MUDGE’s Musings
Paul Krugman has appeared in this nanocorner of the ‘Sphere© quite frequently; he’s an economist, and an insightful writer, and a lot of news lately has been about our economy, and cries out for insight.
Since so much of the U.S. economy is driven by consumers, and has been, I’m imagining, since the end of World War II, when the bomber factories returned to stamping out annual cosmetic freshenings of shiny Fords, Plymouths and Hudsons to an eager population that couldn’t wait to “See the U.S.A in your Chevrolet,” consumer perceptions are a key indicator of economic health.
It’s no accident, I’m thinking, that the annual survey Krugman quotes, the Consumer Sentiment Index, comes out of the University of Michigan. Its Ann Arbor campus is nigh to the heart of that same automobile industry, and very little drives the economy like the sale of automobiles.
Pity that Detroit has taken so long to remember how to build a good car, but that’s a discussion for another time, or place.
Meanwhile, even Toyota sales are off… I’d say the consumer is downright depressed.
Crisis of Confidence
By PAUL KRUGMAN | Published: April 14, 2008
The Survey Research Center of the University of Michigan has been tracking American economic perceptions since the 1950s. On Friday the center released its latest estimate of the consumer sentiment index — and it was a stunner. Americans are more pessimistic about their situation than they have been for more than a quarter century….
Why are we feeling so down?
Our bleakness partly reflects the fact that most Americans are doing considerably worse than the usual economic measures let on. The official unemployment rate may be relatively low — but the percentage of prime-working-age Americans without jobs, which isn’t the same thing, is historically high. Gross domestic product is up, but the inflation-adjusted income of the median family is probably lower than it was in 2000.
Beyond that, perceptions of the current economy are strongly influenced by the public’s sense of the larger pattern.
Larger pattern. Let’s see: investment bank bail-outs. Foreclosures in a cul-de-sac near you. $zillion dollar payouts to executives who apparently couldn’t manage risk better than the sap plunging $50 his family needs for groceries on this week’s mega lottery. [Need I link to the quote? Not necessary. The lottery is a tax on people who failed to learn math.]

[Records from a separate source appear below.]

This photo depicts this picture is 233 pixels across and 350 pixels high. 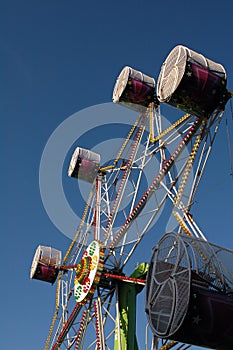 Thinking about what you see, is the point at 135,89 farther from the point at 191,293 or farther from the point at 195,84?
the point at 191,293

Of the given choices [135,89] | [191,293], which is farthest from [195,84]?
[135,89]

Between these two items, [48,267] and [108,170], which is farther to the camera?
[48,267]

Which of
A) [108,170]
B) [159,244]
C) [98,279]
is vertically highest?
[108,170]

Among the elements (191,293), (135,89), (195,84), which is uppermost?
(135,89)

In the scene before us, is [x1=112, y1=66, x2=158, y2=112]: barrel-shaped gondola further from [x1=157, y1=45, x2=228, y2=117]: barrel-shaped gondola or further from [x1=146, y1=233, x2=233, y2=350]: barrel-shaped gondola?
[x1=146, y1=233, x2=233, y2=350]: barrel-shaped gondola

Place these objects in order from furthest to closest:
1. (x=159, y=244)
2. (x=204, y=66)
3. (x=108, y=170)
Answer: (x=108, y=170) → (x=204, y=66) → (x=159, y=244)

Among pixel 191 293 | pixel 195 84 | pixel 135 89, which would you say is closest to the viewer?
pixel 191 293

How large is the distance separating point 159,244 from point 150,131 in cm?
1249

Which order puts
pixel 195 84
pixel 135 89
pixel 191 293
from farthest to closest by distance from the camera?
pixel 135 89 < pixel 195 84 < pixel 191 293

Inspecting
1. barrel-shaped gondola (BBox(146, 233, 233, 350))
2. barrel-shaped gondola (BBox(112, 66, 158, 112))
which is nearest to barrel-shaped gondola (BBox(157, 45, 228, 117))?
barrel-shaped gondola (BBox(146, 233, 233, 350))

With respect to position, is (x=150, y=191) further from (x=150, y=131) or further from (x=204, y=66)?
(x=204, y=66)

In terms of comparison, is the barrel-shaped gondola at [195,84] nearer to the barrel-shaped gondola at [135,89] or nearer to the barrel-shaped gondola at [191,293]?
the barrel-shaped gondola at [191,293]

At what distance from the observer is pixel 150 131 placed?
104 ft

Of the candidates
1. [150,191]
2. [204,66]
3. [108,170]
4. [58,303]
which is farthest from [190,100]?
[58,303] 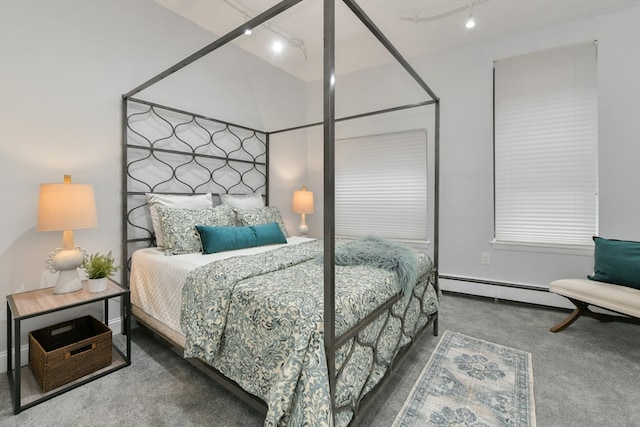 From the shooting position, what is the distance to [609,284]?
2273 mm

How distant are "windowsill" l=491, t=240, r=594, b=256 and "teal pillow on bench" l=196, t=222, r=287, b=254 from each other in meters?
2.33

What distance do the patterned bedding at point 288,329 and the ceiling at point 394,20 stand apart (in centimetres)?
231

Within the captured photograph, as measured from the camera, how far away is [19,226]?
1.86 m

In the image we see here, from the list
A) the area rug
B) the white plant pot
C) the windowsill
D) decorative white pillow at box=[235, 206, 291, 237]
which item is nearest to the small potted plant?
the white plant pot

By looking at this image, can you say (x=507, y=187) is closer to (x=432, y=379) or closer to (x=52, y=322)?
(x=432, y=379)

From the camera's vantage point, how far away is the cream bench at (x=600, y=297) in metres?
1.97

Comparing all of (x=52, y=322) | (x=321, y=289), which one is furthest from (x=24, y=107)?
(x=321, y=289)

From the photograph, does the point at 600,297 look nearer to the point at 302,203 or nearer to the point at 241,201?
the point at 302,203

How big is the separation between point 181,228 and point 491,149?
316 cm

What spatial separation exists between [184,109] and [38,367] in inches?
86.2

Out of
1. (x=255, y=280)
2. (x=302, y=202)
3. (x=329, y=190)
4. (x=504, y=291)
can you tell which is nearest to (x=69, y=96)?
(x=255, y=280)

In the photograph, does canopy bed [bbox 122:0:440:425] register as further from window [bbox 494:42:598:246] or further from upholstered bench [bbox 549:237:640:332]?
window [bbox 494:42:598:246]

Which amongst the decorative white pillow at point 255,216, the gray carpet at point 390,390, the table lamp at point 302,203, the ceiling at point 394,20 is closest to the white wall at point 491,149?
the ceiling at point 394,20

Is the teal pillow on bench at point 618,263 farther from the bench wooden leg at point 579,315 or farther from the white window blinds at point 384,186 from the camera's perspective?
the white window blinds at point 384,186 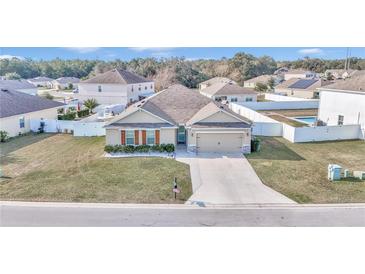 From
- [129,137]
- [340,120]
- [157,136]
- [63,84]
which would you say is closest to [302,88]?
[340,120]

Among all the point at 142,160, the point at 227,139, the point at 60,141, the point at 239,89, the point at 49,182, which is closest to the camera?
the point at 49,182

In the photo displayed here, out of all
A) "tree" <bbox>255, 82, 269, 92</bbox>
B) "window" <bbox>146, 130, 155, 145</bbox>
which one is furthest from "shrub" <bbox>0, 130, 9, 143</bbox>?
"tree" <bbox>255, 82, 269, 92</bbox>

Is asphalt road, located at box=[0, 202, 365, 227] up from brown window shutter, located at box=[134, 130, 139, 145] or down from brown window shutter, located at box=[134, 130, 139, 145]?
down

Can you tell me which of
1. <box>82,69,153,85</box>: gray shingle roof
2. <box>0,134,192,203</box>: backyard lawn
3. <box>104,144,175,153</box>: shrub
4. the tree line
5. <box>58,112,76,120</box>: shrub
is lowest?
<box>0,134,192,203</box>: backyard lawn

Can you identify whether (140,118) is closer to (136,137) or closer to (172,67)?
(136,137)

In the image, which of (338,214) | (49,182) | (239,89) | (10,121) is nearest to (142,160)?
(49,182)

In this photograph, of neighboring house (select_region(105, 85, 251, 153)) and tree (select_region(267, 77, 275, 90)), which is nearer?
neighboring house (select_region(105, 85, 251, 153))

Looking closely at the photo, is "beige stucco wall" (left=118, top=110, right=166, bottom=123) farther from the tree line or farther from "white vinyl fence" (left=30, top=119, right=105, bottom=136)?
the tree line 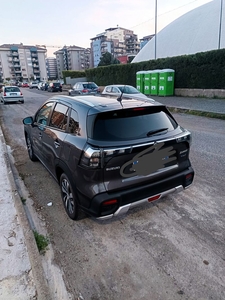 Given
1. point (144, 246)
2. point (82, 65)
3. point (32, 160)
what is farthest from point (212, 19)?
point (82, 65)

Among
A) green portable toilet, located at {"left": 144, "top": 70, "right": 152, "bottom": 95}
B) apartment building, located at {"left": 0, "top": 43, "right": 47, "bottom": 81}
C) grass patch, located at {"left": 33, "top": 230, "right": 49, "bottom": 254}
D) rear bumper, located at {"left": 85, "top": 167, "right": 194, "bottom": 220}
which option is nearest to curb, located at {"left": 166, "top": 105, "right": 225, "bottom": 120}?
green portable toilet, located at {"left": 144, "top": 70, "right": 152, "bottom": 95}

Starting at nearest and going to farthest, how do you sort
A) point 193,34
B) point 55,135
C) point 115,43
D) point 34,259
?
1. point 34,259
2. point 55,135
3. point 193,34
4. point 115,43

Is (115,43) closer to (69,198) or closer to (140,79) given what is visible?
(140,79)

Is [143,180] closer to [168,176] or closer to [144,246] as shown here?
[168,176]

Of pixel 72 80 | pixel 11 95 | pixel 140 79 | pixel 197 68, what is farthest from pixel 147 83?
pixel 72 80

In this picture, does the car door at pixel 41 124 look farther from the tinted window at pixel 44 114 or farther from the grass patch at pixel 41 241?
A: the grass patch at pixel 41 241

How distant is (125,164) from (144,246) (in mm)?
1009

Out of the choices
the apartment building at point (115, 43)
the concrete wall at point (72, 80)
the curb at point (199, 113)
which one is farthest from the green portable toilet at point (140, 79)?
the apartment building at point (115, 43)

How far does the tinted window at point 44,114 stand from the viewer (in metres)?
4.07

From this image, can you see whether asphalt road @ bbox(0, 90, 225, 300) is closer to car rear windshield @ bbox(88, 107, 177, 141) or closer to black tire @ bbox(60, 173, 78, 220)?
black tire @ bbox(60, 173, 78, 220)

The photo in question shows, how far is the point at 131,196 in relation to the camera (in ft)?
8.81

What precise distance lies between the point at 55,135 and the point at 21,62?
4624 inches

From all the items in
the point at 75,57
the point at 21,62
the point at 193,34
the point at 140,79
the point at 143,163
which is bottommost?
the point at 143,163

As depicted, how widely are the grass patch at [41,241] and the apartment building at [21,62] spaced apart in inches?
4387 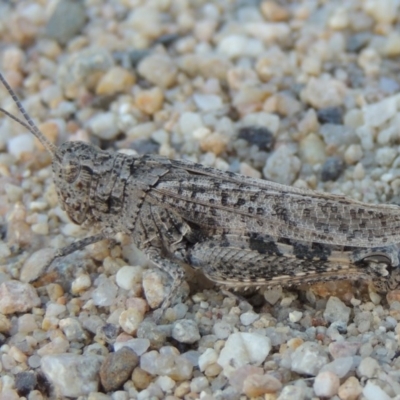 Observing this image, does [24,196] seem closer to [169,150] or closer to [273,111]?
[169,150]

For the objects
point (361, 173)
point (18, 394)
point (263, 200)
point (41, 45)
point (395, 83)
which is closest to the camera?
point (18, 394)

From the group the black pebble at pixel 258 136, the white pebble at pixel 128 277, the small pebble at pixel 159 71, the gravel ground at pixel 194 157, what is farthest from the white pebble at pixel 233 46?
the white pebble at pixel 128 277

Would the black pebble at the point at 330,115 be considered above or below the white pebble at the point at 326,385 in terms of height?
below

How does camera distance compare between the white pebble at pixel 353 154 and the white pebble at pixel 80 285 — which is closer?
the white pebble at pixel 80 285

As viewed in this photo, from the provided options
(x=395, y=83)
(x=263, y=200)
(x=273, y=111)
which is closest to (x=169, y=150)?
(x=273, y=111)

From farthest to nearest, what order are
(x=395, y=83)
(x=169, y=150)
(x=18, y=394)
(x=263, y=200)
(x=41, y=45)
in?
1. (x=41, y=45)
2. (x=395, y=83)
3. (x=169, y=150)
4. (x=263, y=200)
5. (x=18, y=394)

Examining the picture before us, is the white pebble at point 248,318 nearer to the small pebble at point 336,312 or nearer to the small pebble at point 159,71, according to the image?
the small pebble at point 336,312

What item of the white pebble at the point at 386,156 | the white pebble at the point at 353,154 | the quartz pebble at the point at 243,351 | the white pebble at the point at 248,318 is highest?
the quartz pebble at the point at 243,351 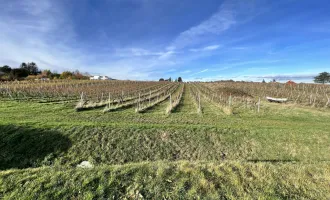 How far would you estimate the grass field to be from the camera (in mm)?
3680

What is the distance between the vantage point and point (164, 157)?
25.6 ft

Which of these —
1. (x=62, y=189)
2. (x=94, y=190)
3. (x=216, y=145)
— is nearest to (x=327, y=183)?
(x=216, y=145)

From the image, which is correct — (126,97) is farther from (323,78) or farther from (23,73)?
(323,78)

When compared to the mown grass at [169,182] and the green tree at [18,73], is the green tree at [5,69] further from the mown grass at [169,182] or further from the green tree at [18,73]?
the mown grass at [169,182]

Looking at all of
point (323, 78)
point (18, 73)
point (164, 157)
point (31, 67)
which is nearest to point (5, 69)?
point (18, 73)

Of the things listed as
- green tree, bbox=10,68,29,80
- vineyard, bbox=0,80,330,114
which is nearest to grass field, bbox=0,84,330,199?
vineyard, bbox=0,80,330,114

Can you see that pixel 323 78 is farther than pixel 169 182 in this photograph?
Yes

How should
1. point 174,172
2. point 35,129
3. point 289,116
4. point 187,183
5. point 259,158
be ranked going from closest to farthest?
1. point 187,183
2. point 174,172
3. point 259,158
4. point 35,129
5. point 289,116

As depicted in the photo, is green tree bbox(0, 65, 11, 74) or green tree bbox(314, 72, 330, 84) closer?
green tree bbox(0, 65, 11, 74)

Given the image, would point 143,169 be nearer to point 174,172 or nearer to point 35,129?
point 174,172

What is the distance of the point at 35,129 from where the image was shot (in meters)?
8.63

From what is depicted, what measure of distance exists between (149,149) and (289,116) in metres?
12.9

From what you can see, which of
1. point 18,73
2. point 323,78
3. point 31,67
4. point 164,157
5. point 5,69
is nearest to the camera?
point 164,157

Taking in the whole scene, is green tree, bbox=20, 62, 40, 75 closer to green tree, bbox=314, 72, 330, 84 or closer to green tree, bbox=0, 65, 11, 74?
green tree, bbox=0, 65, 11, 74
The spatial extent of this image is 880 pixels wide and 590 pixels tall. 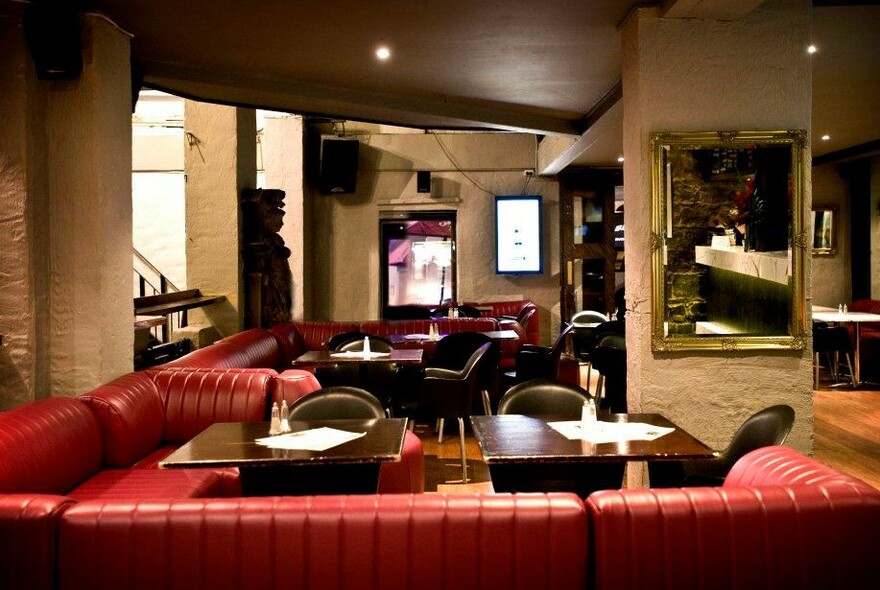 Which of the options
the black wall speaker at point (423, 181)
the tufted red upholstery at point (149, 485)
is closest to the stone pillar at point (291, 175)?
the black wall speaker at point (423, 181)

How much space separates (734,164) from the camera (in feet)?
13.9

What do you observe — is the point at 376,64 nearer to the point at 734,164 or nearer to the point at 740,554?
the point at 734,164

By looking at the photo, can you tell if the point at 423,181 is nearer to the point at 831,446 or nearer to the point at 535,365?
the point at 535,365

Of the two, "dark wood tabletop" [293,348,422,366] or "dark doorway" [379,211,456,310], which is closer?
"dark wood tabletop" [293,348,422,366]

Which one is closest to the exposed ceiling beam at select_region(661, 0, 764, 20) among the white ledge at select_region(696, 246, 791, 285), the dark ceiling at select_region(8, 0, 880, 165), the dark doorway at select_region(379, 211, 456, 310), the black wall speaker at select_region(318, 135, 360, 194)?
the dark ceiling at select_region(8, 0, 880, 165)

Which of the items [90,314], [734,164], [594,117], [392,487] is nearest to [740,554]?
[392,487]

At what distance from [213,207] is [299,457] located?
5.40 m

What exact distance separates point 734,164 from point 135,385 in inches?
141

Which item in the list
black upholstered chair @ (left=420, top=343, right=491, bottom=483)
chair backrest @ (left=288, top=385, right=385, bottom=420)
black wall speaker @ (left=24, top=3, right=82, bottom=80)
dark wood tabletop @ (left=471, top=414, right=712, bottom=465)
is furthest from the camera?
black upholstered chair @ (left=420, top=343, right=491, bottom=483)

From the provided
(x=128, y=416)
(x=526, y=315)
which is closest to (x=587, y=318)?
(x=526, y=315)

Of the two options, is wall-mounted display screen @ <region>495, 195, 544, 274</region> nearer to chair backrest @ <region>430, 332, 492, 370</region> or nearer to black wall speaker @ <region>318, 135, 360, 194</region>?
black wall speaker @ <region>318, 135, 360, 194</region>

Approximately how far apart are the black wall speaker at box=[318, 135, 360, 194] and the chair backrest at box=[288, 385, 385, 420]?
6917 mm

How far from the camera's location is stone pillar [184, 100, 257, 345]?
7629mm

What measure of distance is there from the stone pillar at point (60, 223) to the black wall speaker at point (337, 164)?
5.63 metres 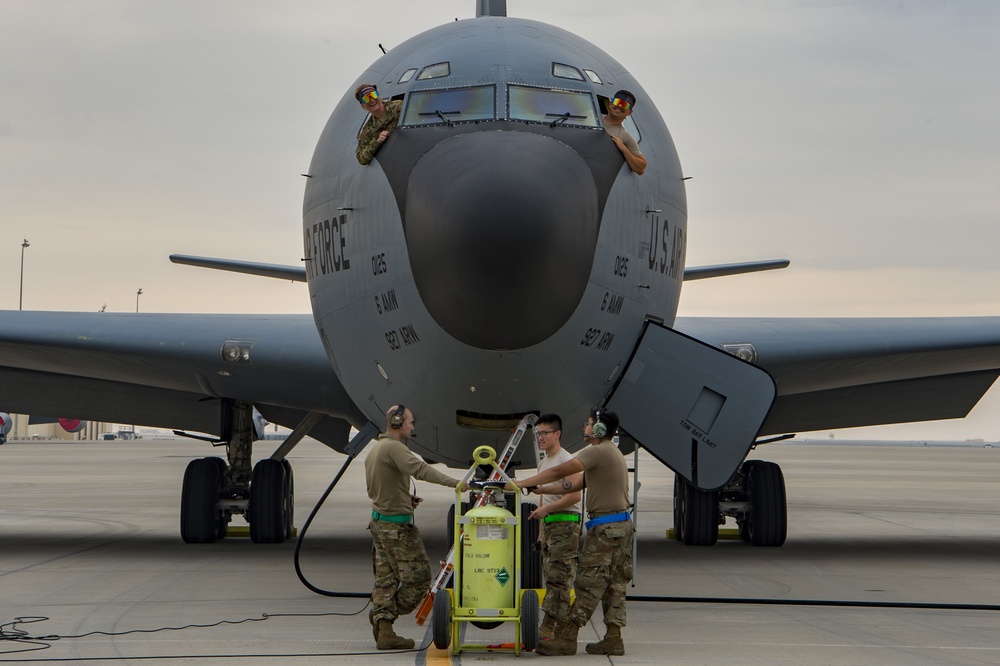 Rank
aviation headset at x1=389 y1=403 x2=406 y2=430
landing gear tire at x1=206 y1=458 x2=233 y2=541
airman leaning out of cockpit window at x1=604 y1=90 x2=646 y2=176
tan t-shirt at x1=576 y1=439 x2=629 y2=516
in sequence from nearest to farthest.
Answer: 1. tan t-shirt at x1=576 y1=439 x2=629 y2=516
2. aviation headset at x1=389 y1=403 x2=406 y2=430
3. airman leaning out of cockpit window at x1=604 y1=90 x2=646 y2=176
4. landing gear tire at x1=206 y1=458 x2=233 y2=541

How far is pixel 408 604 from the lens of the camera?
845 centimetres

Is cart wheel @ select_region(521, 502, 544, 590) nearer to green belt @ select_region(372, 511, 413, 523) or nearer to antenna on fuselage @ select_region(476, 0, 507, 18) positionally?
green belt @ select_region(372, 511, 413, 523)

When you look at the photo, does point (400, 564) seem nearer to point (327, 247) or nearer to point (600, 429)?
point (600, 429)

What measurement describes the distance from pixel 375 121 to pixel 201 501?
7.22 meters

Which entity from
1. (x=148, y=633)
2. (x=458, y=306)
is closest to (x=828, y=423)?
(x=458, y=306)

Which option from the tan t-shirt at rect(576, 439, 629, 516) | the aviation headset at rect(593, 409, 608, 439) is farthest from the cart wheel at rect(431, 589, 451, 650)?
the aviation headset at rect(593, 409, 608, 439)

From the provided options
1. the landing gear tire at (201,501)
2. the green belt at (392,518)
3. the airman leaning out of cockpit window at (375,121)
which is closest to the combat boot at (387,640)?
the green belt at (392,518)

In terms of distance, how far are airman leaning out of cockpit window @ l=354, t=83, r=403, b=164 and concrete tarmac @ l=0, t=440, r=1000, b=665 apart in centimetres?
370

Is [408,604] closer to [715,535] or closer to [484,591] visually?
[484,591]

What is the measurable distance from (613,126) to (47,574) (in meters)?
7.30

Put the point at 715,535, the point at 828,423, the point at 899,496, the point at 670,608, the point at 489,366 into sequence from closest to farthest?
1. the point at 489,366
2. the point at 670,608
3. the point at 715,535
4. the point at 828,423
5. the point at 899,496

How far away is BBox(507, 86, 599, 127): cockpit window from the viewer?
30.8ft

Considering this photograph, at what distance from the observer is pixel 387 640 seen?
816cm

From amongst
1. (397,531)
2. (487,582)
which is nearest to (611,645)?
(487,582) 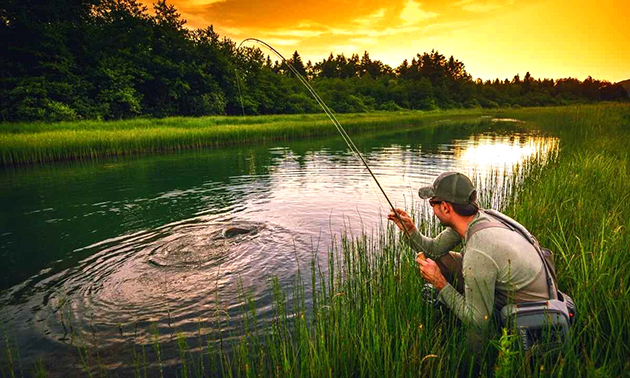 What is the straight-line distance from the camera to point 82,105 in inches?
1221

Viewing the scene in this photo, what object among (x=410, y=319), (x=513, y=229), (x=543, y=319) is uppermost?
(x=513, y=229)

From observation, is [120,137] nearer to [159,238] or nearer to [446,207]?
[159,238]

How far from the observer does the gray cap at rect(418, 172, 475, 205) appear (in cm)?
265

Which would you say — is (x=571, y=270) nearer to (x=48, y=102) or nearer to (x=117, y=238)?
(x=117, y=238)

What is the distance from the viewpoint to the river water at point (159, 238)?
172 inches

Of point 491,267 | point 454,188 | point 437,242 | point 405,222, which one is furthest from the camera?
point 405,222

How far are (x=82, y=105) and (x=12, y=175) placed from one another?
20357 millimetres

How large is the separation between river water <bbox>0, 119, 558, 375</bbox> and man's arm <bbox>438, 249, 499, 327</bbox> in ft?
7.82

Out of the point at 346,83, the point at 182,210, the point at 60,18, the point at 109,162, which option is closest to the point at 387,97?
the point at 346,83

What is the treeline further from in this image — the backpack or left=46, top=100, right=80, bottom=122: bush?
the backpack

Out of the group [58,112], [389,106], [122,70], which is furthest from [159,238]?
[389,106]

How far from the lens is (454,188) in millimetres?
2686

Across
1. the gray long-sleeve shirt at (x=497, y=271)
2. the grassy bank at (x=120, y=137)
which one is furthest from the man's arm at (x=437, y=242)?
the grassy bank at (x=120, y=137)

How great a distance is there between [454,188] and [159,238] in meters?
6.30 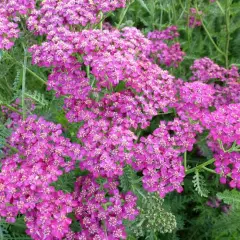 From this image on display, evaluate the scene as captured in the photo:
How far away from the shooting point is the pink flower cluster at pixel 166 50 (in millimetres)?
3918

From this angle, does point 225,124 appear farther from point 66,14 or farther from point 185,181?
point 66,14

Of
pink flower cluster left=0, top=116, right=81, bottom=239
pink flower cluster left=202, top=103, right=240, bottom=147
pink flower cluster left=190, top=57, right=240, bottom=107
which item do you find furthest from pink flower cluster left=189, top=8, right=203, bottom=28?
pink flower cluster left=0, top=116, right=81, bottom=239

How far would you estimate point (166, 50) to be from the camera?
13.1 feet

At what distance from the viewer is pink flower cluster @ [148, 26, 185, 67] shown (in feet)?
12.9

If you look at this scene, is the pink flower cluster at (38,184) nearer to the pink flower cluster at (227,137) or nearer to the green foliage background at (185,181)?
the green foliage background at (185,181)

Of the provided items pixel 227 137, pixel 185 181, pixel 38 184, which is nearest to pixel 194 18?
pixel 185 181

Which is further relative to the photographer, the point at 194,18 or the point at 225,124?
the point at 194,18

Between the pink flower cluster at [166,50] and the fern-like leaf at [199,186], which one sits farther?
the pink flower cluster at [166,50]

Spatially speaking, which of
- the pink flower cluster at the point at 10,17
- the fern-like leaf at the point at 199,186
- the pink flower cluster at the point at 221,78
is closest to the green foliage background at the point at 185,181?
the fern-like leaf at the point at 199,186

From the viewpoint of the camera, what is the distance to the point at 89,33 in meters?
2.87

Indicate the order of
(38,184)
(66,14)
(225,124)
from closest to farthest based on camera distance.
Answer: (38,184), (225,124), (66,14)

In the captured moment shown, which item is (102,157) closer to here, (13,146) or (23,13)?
(13,146)

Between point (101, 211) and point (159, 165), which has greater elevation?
point (159, 165)

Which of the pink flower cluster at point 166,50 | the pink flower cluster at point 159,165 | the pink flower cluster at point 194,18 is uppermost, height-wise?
the pink flower cluster at point 194,18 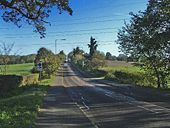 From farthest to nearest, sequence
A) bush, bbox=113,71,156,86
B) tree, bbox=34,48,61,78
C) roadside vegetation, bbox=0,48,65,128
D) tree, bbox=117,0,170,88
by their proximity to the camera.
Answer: tree, bbox=34,48,61,78
bush, bbox=113,71,156,86
tree, bbox=117,0,170,88
roadside vegetation, bbox=0,48,65,128

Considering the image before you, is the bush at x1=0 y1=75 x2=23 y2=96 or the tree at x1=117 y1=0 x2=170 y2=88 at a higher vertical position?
the tree at x1=117 y1=0 x2=170 y2=88

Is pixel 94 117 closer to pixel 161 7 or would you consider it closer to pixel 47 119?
pixel 47 119

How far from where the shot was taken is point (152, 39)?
42250 mm

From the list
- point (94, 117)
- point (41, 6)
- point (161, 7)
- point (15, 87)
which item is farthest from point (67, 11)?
point (15, 87)

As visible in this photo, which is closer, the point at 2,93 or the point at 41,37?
the point at 41,37

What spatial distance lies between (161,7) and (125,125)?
A: 27410 mm

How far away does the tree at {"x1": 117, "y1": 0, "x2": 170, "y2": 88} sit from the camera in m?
41.8

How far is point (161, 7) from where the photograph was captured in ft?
140

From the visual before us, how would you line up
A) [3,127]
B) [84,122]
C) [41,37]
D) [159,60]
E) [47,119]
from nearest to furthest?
1. [3,127]
2. [84,122]
3. [47,119]
4. [41,37]
5. [159,60]

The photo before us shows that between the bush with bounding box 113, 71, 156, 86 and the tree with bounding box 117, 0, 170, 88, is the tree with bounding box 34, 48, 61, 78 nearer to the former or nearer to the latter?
the bush with bounding box 113, 71, 156, 86

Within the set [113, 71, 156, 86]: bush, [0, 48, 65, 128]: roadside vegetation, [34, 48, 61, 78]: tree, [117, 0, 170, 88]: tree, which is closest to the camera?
[0, 48, 65, 128]: roadside vegetation

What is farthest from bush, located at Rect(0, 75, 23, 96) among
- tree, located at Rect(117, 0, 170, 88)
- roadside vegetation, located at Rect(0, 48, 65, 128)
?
tree, located at Rect(117, 0, 170, 88)

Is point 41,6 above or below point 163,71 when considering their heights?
above

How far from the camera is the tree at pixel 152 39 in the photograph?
137 ft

[Please click the link below for the complete article — but then please come on back!]
Crisis of Confidence – New York Times
Mr. Krugman has been rather unimpressed over this presidential primary season with the candidates’ statements and position papers on the economy, and what they plan to do should the depressed public choose them come November.
The good news: should a Democrat win (and how odd it is to have to place this in the conditional), there could possibly be changes along the lines Krugman suggests: regulation with sincerity (mainly a joke these past 8 years); policies favoring labor (small ‘L’), perhaps ending some of the attractiveness of outsourcing and raising the minimum wage. Such steps could jolt us out of our doldrums, perceived and real.
Meanwhile, 300,000,000 doses of Wellbutrin, stat!